Working at Home = Not all it cracked up to be?
Generation Y Veneration has some predictions about working from home:
Despite the ability for many people in my industry (and other industries) to work from home everyday if they wanted to, they don’t.
Why?
Because nothing beats a face to face conversation.
I think it’s dangerous to conflate ‘working at home’ to ‘never leaving your house for work-related reasons’. The Generation Y-fueled change is not necessarily a shift towards impersonal business, but rather toward increased fluidity between work and life. Depending on the industry, your office can be a kitchen table, a coffee shop, a hotel lobby or a rented meeting space. Or, when it works, a virtualized online space.
It’s about being flexible and being open to new ways of work. Because, really, is there any real logic to the belief that work needs to be done collectively at a physical location with a water cooler and fluorescent lighting?
Tags: flex time, generational shift, offices
Related: February 10, 2008: Slaying the cubicle | March 30, 2008: The modern workplace: Creation and Collaboration | April 13, 2008: Saving the environment by not commuting to work |
I’ve seen it in my workplace where “working from home” is a euphemism for “not working at the office” - I think Gen Y understands this better, and takes it to the next level. We’ve grown up with ubiquitous portable technologies of one kind or another, and many of us want to be able to take that skill and understanding and translate it into work-anywhere or any time careers. This is the sort of situation that co-working at Jellies or dedicated co-working space is meant for - work with the freedom of a freelancer with the environment and camaraderie of an office-worker.
Interesting thoughts on the mobility of work. Yet, I believe that a lot of people actually enjoy the experience of going “to work”, standing around the water-cooler etc.
What I did not include in my post, and I probably should have, was that I see the workplace remaining a separate place but it may actually be a place that looks and feels a little more homely. Think, decks, couches, soft lighting, informal areas…it’s already happening I know - but I think it will become even more common.

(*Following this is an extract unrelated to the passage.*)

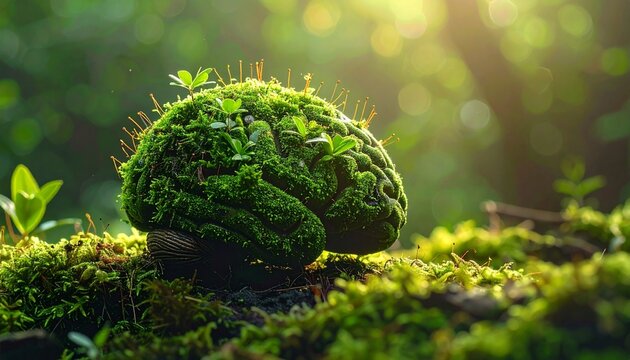 Human brain covered in dense green moss and small plants, in reclaiming technology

With the amount of technology I have grown up with, I feel like the more I can spend my work hours personally interacting with people the better. Technology is great, but nothing will beat a face to face meeting. And I would rather do this in a space that represents my company, a place where my colleagues and I can connect and share ideas under one roof.
“Because, really, is there any real logic to the belief that work needs to be done collectively at a physical location with a water cooler and fluorescent lighting?”
Because some jobs just can’t be portable. Manufacturing is one. If you want to work from home in some jobs at my company, it’s going to take an on-call delivery service and over $350K of specialized machine tools.
Not going to happen for any company I know of.